Jindal, With Jeb Bush on Hand, Comes to Washington to Fight Obama
2:57 PM, Sep 18, 2013 • By MICHAEL WARREN
Bobby Jindal is outraged over a Department of Justice lawsuit against a Louisiana school voucher program. The suit, which he (repeatedly) calls “cynical, immoral, and hypocritical” and the “worst misuse” of federal desegregation laws, aims to stop a program that allows poor students in failing schools to enter a lottery for a voucher to attend a better school. The program is an integral part of Jindal’s education agenda, which he’s been implementing in Louisiana since he was first elected governor in 2007.
But the Obama administration’s attempt to thwart the voucher program has also been a gift for Jindal, who may run for president in 2016. Since the DOJ filed its lawsuit on August 18, Jindal has been campaigning loudly and publicly against the suit and, more broadly, for conservative education reform. In a political environment where the president and the media define GOP by the House of Representatives and its struggles to stop his progressive agenda, Jindal is turning the tables, arguing that it's Obama and the Democrats who are impeding progress.
The Louisiana Republican has appeared on NBC and Fox News to defend the voucher program and criticize the administration.
“Now the Department of Justice, using the same rules that were there to prevent discrimination against minority children, is going after some of these parents and some of these kids and saying, ‘We don't know that we want to allow you to make this choice,’” Jindal said on Meet the Press, two days after DOJ’s announcement.

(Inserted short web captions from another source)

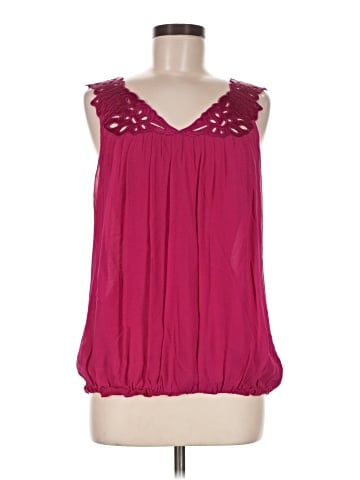 Ted Baker London Sleeveless Blouse (view 1)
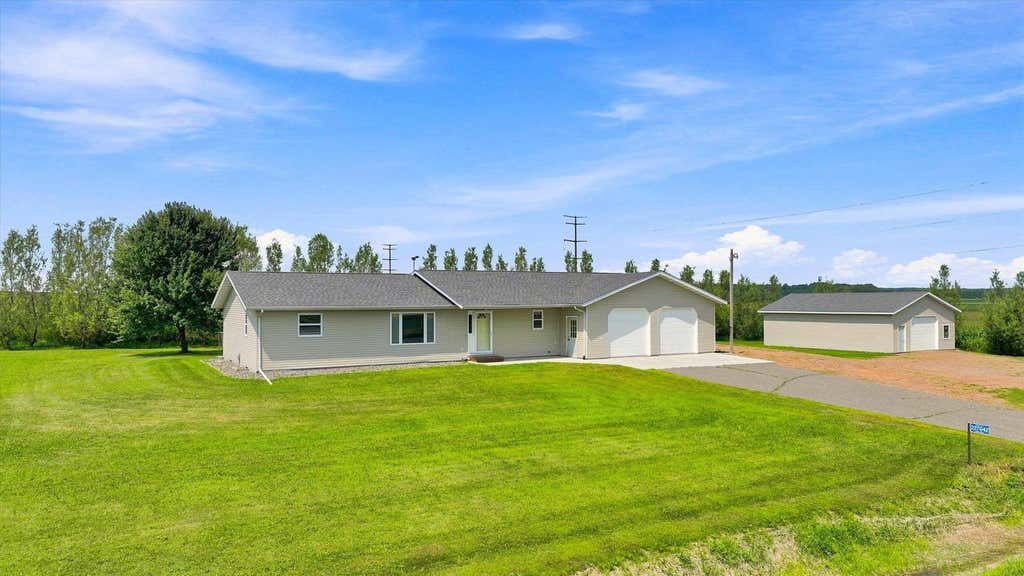 Photo of 227042 County Road F, Colby, WI 54421 (MLS # 22603742)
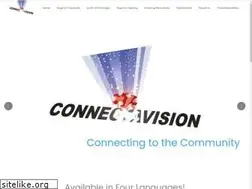 Sites similar to connectavision.net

And today he brought his fight to Washington. At a press conference just a few blocks from the White House, and attended by national media outlets like the New York Times and Politico and education trade journals like Education Week, Jindal continued to argue his side, directing his message to Obama and his attorney general, Eric Holder.
“We’re going to fight,” Jindal said. “We’re going to go every step of the way to make sure that these children have a chance to get a great education. I repeat my invitation to the president and the attorney general. They need to drop this lawsuit.”
Joining Jindal at the press conference was former Florida governor Jeb Bush, whose tenure in Tallahassee was marked by widely applauded reforms to that state’s education system. Bush added to the criticisms of the DOJ’s suit.
“It is a political action focused on the adults in the system that have economic interests, more than anything else,” Bush said.
By standing with Jindal, Bush adds depth to the bench. The risk for Jindal is that his compatriot in this fight may run for president himself. Would there be room on the GOP presidential primary stage for two education policy reformers? When asked by the New York Times’s Jonathan Martin about the 2016 race, Bush, the younger brother and son of the last two Republican presidents, declined to comment.
But for now, they're standing together to fight Obama.